How to explain the emotional pull of Merrily We Roll Along, Stephen Sondheim’s beloved, broken, backward-moving 1981 musical? If you’ve bought a ticket to the brilliant Broadway revival—just opened at Broadway’s Hudson Theatre after a nine-week winter run at New York Theatre Workshop off-Broadway—you know: You can feel the audience collectively lean in after the first few brassy bars of the overture (oh, that overture!).
It’s a show that gives us permission to look back and wonder, as the lyric goes, “How did you get to be here?” Or, to quote another lyric in the prologue, “How can you get so far off the track?”
[Read Steven Suskin’s ★★★★★ review here.]
In director Maria Friedman’s production, it’s Broadway composer–turned–Hollywood producer Franklin Shepard (Jonathan Groff) who’s looking back: He walks onstage alone, clutching a tattered script. Well, how did he get to be here? Suddenly, Merrily’s reverse-chronological structure—following tight-knit trio Frank, novelist-turned-critic Mary (Lindsay Mendez), and lyricist-turned-playwright Charley (Daniel Radcliffe) through various highs and lows both personal and professional—seems less like a gimmick and more like a necessity. Actually, Kaufman and Hart deserve credit (or blame) for the finish-to-start structure; their 1934 play Merrily We Roll Along served as Sondheim and librettist George Furth’s source. And now, you can thank Friedman—whose association with the show dates back to a 1992 U.K. production, where she played Mary—for finally making some sense of it.
The three friends are at their most unsympathetic when we first meet them. In 1976, Frank is hosting an A-list party—“I just figured out what the ‘A’ stands for,” Mary quips—at his sterile Bel-Air home in honor of his latest movie. He’s a sunglass-wearing, Champagne-swilling Hollywood cliché in full midlife-crisis mode, cheating on his actress wife, Gussie (Krystal Joy Brown), with the much-younger actress Meg (Talia Simone Robinson). Mary is drunk and bitter, as evidenced in her toast: “To Franklin Shepard, the producer. The man who has everything. And fat, drunk and finished, I would rather be me any day.” And our first encounter with Charley—“that driven little runt,” spits Gussie—is an infamous 1973 TV interview, where he eviscerates Frank live on-air in the tongue-twisting patter song “Franklin Shepard, Inc.” A phony, an alcoholic, and a nervous wreck—not necessarily people you want to cheer on.
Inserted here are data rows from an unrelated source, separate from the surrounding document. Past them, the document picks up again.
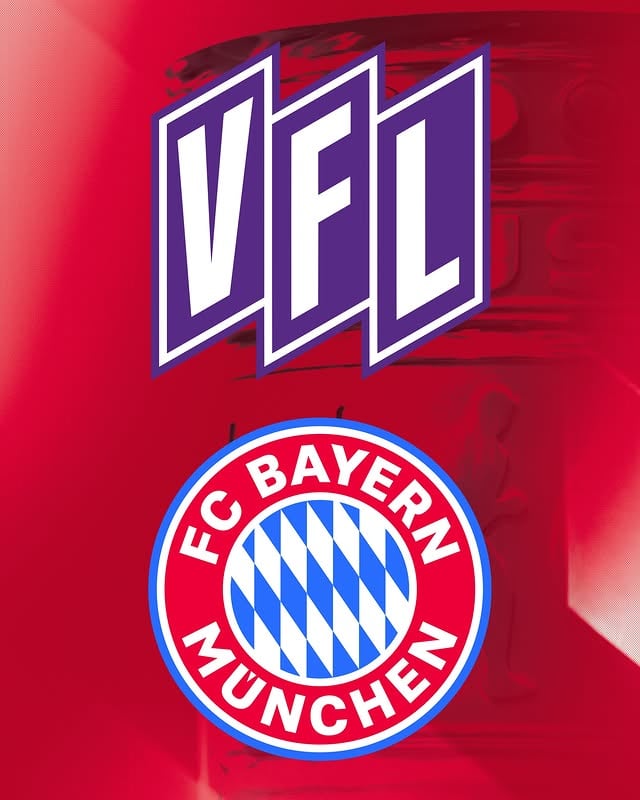 🏆 We will face VfL Osnabrück in the first round of the 𝐃𝐅𝐁-𝐏𝐨𝐤𝐚𝐥! 🏆What do you think of the draw? 🤔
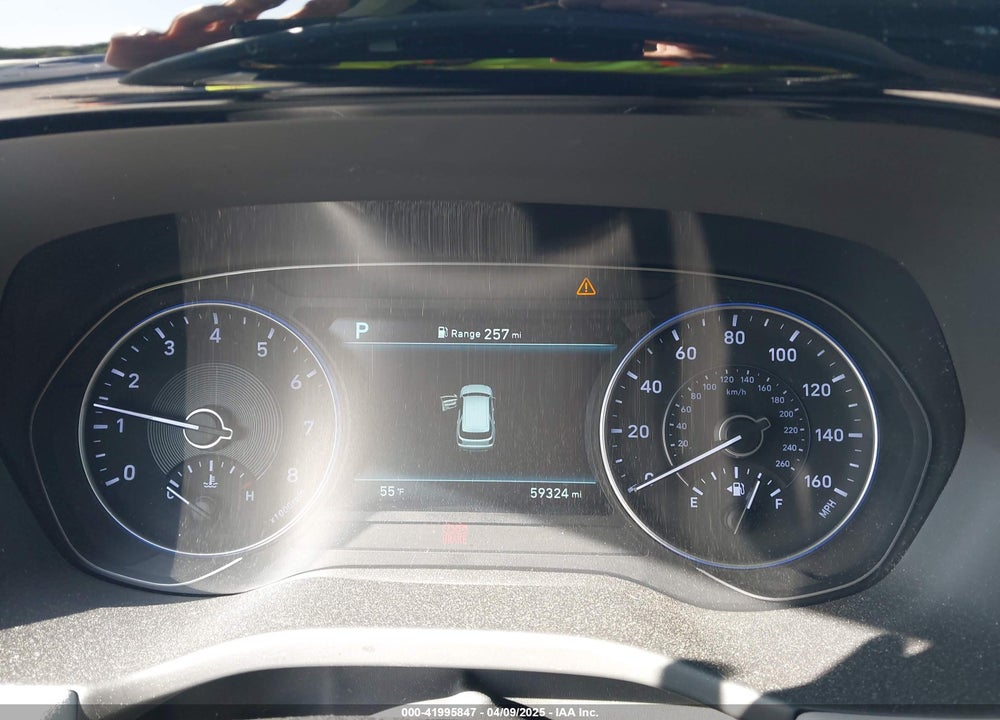 2020 HYUNDAI PALISADE VIN: KM8R44HE9LU126465
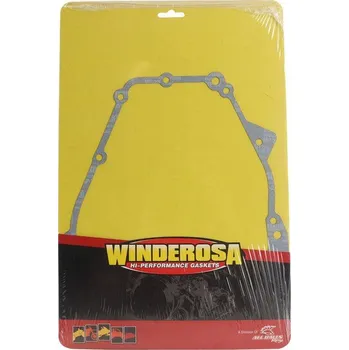 Spojková sada WINDEROSA (VERTEX) těsnění krytu spojky KAWASAKI ZX10R 11-18, ZX10R ABS 14-18, ZX10RR 18 (vnější) (WINDEROSA (VERTEX) těsnění krytu spojky KAWASAKI ZX10R 11-18, ZX10R ABS 14-18, ZX10RR 18 (vnější))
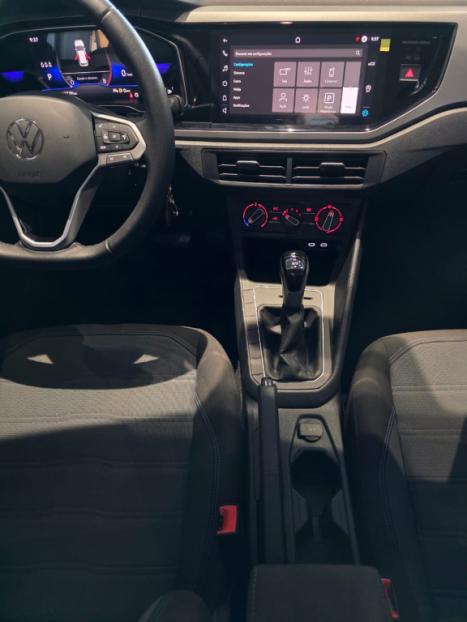 VOLKSWAGEN Nivus 1.0 4P FLEX 200 TSI COMFORTLINE TURBO AUTOMTICO, Foto 6
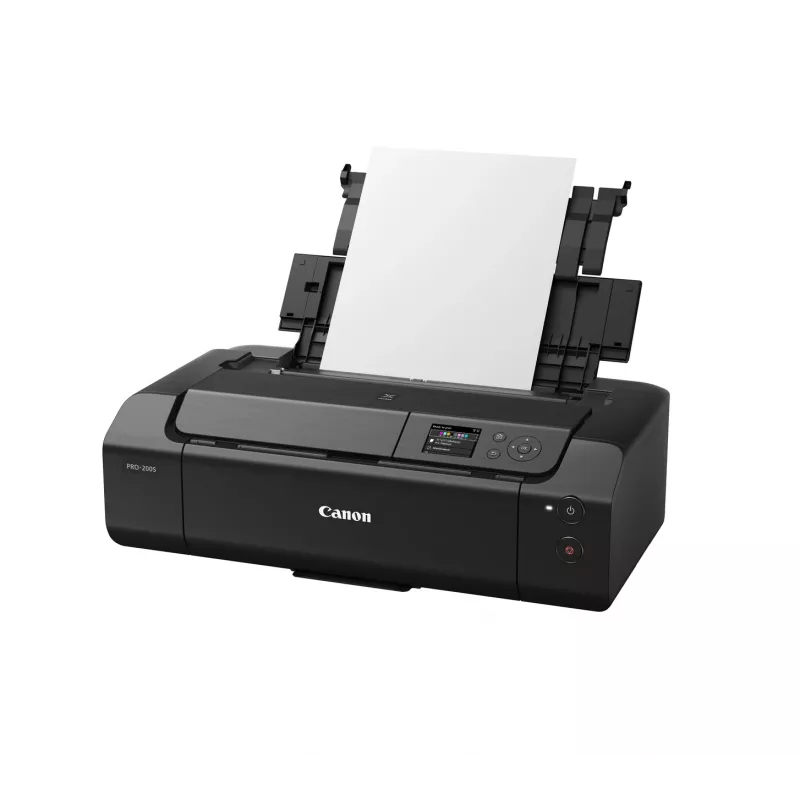 Canon PIXMA PRO-200s fotoprinter tindiprinter 4800 x 2400 DPI Wi-Fi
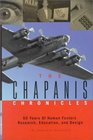 The Chapanis Chronicles 50 Years of Human Factors Research Education and Design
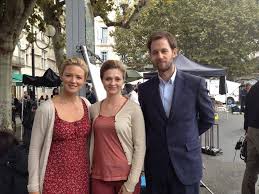 Benjamin lavernhe (born 14 august 1984) is a french actor. Solenne Midena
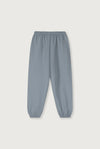 Gray Label Track Pants GOTS - Stone Gray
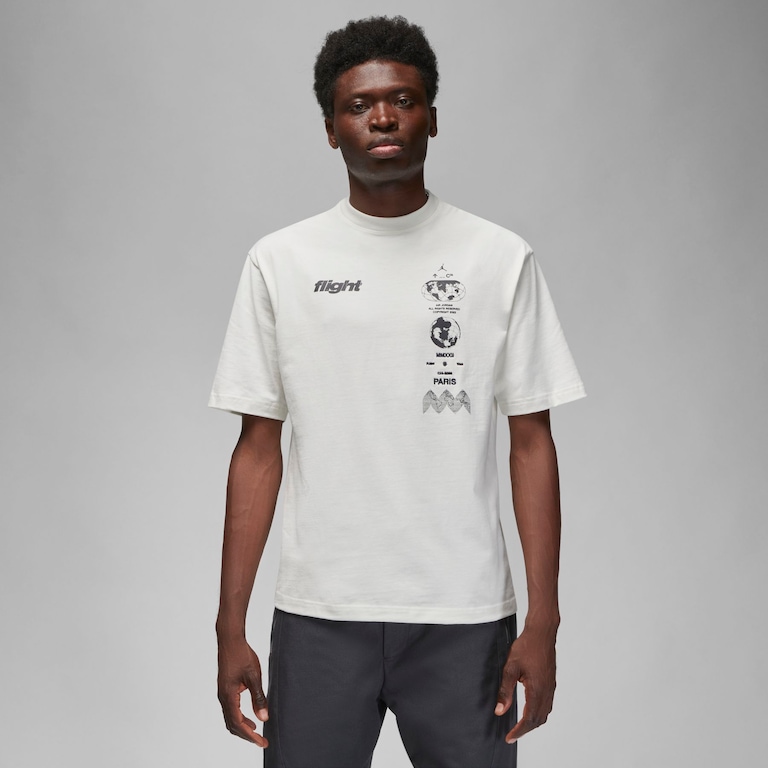 Camiseta Jordan Flight Heritage 85 Masculina - Foto 1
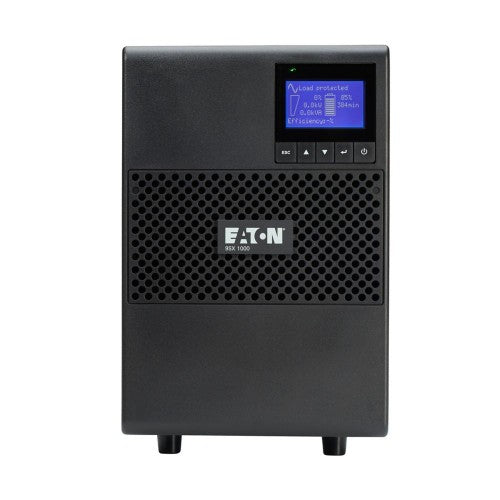 Eaton 9SX1000G uninterruptible power supply (UPS) Double-conversion (Online) 1 kVA 900 W 6 AC outlet(s)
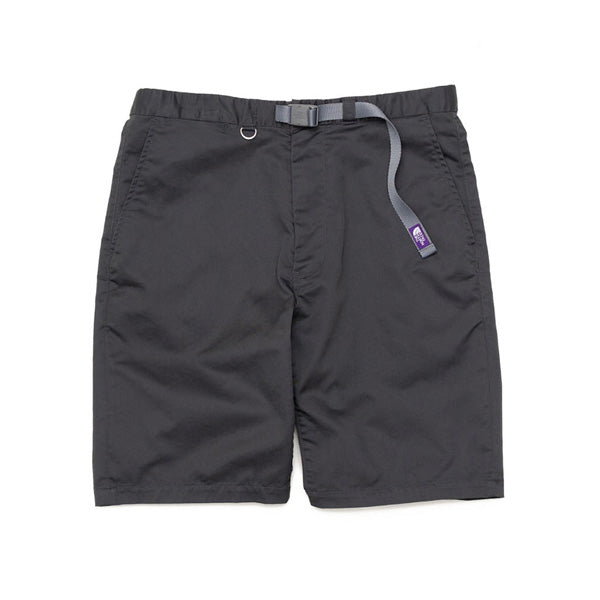 Stretch Twill Shorts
Thankfully, Friedman has found three actors whose charm and genuine connection overrides their characters’ most unpalatable qualities. And since the NYTW production, their performances have only deepened. Groff (Spring Awakening, Hamilton) is perfection as the successful but hollow composer-turned-corporation Frank. Radcliffe’s “Franklin Shepard, Inc.” is an absolute marvel (don’t be surprised to see a standing ovation after that high-speed train of a song), and his unassuming delivery of “Good Thing Going” is a surprise emotional bombshell. Post–Harry Potter, Radcliffe has racked up an impressive list of stage credits ranging from How to Succeed in Business Without Really Trying to The Cripple of Inishmaan, and he impresses more in each appearance. And as the pal that holds the trio together, Mendez’s performance is a delicious cocktail of cynicism and hopefulness. What’s most impressive: When they sing the anthem “Old Friends,” they actually look like old friends.
If you can, see this revival with an old friend—perhaps one who’s never experienced the many joys of Merrily or heard its innumerable hummable songs. Yes, hummable.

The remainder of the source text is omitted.